### [Your objective]
In the entries below, find the line containing "A rider in a" and the line containing "tengo un/una _________". Copy those two lines and everything between them exactly, without the pictures.
(Beginning of Provided records)
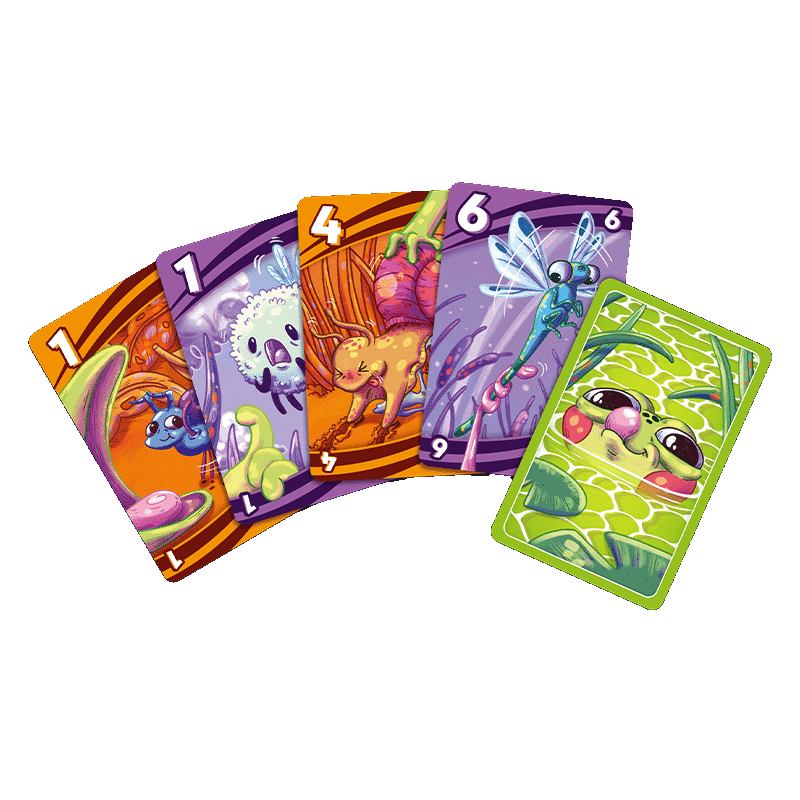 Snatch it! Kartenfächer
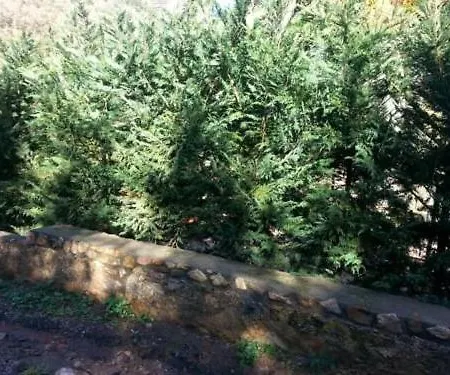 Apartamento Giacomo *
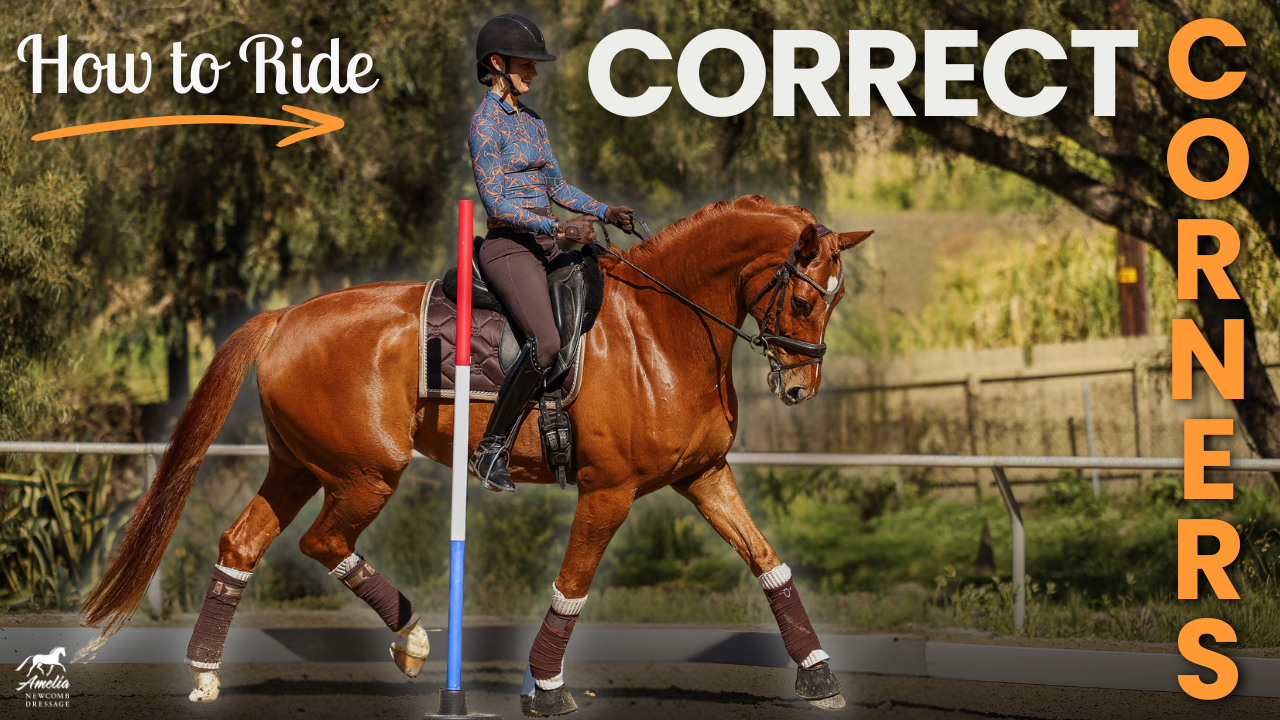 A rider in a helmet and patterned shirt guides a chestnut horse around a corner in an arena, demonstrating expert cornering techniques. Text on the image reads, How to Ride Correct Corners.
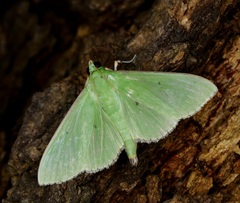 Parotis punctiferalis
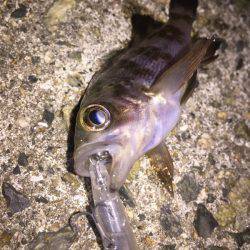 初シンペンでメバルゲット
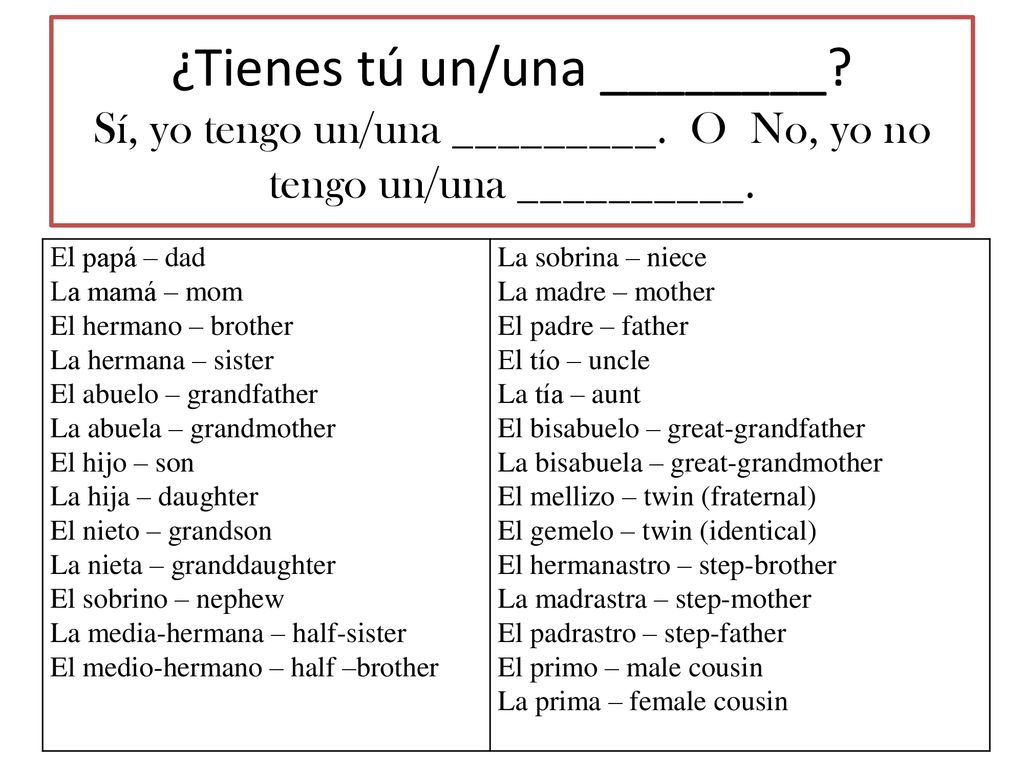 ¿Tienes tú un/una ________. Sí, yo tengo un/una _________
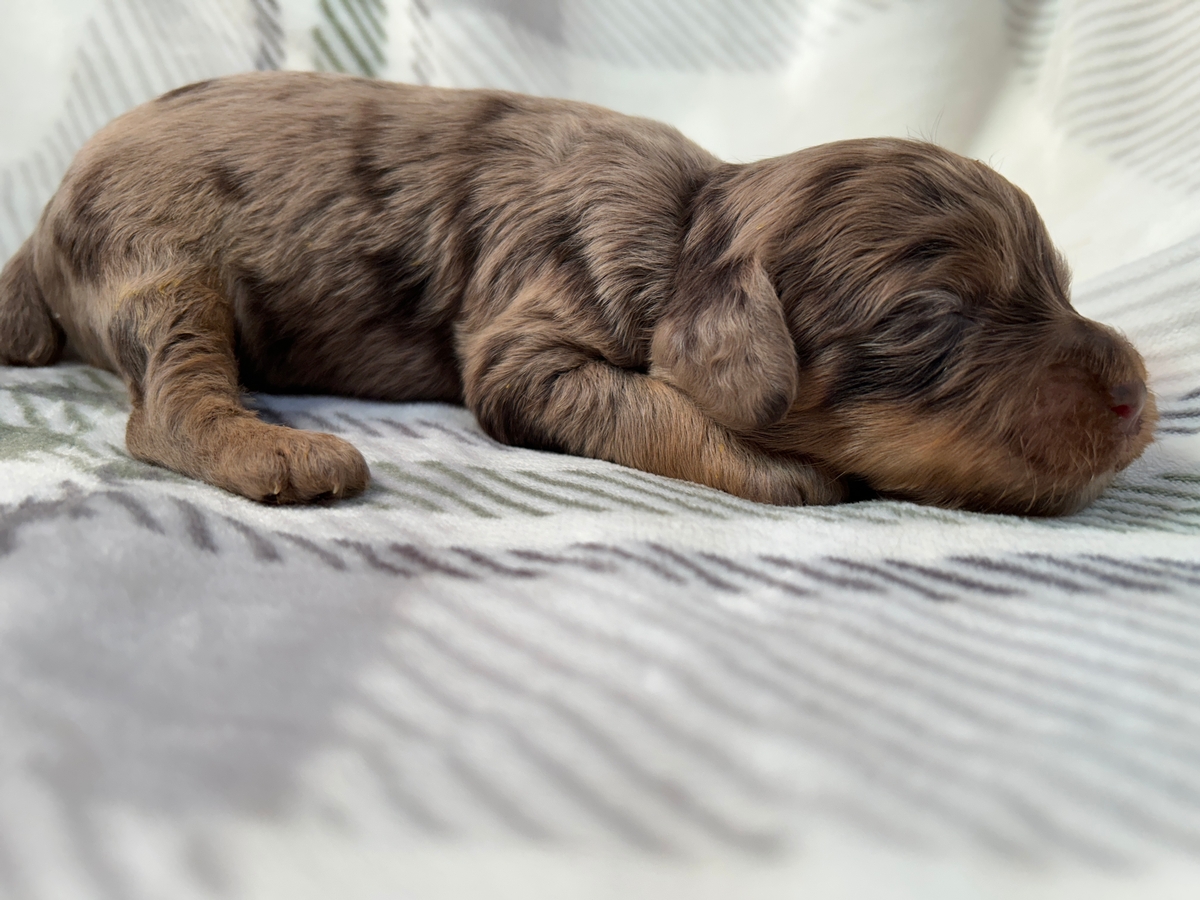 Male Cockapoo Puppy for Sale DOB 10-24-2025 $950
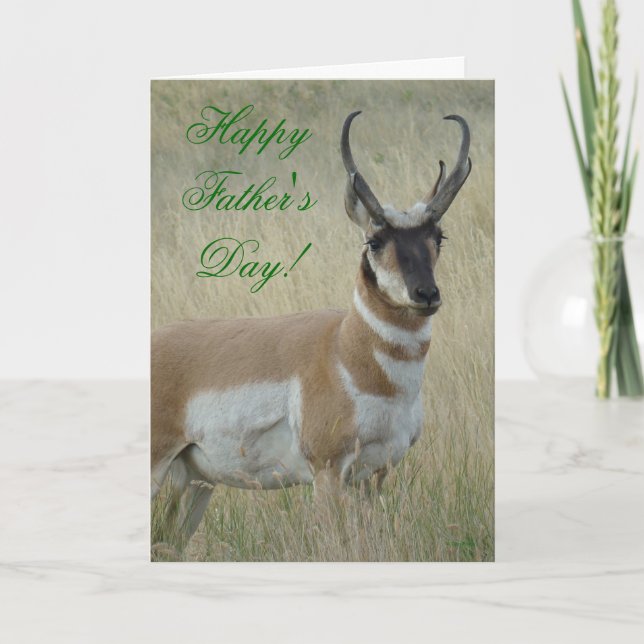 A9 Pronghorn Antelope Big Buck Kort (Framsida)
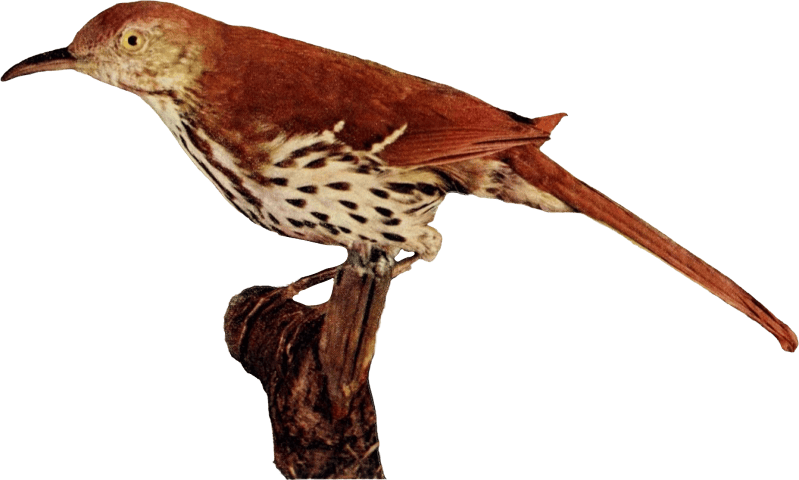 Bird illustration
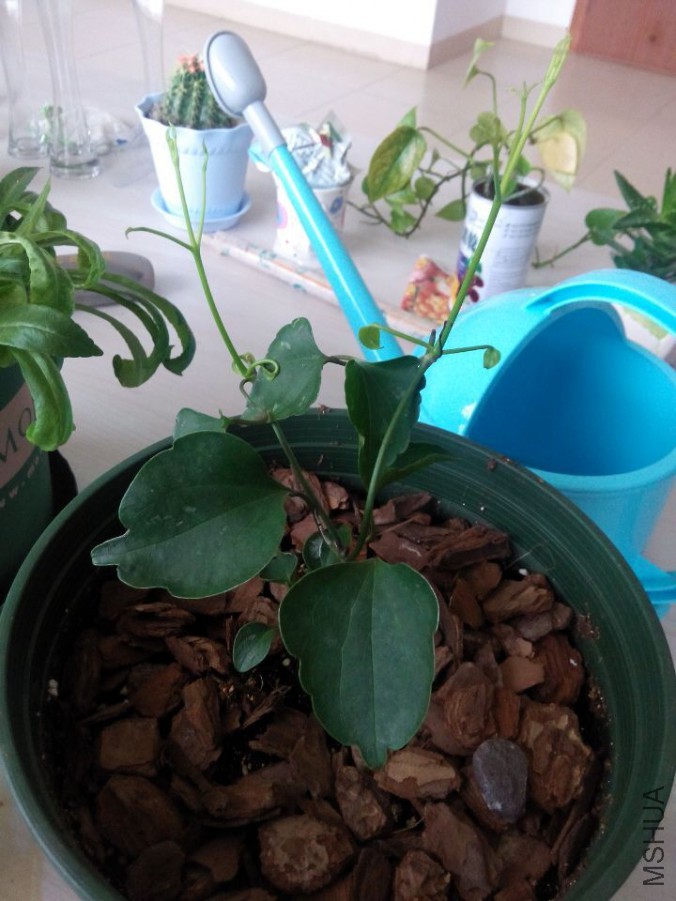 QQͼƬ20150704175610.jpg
(End of Provided records)
### [Expected answer]
 A rider in a helmet and patterned shirt guides a chestnut horse around a corner in an arena, demonstrating expert cornering techniques. Text on the image reads, How to Ride Correct Corners.
 Parotis punctiferalis
 初シンペンでメバルゲット
 ¿Tienes tú un/una ________. Sí, yo tengo un/una _________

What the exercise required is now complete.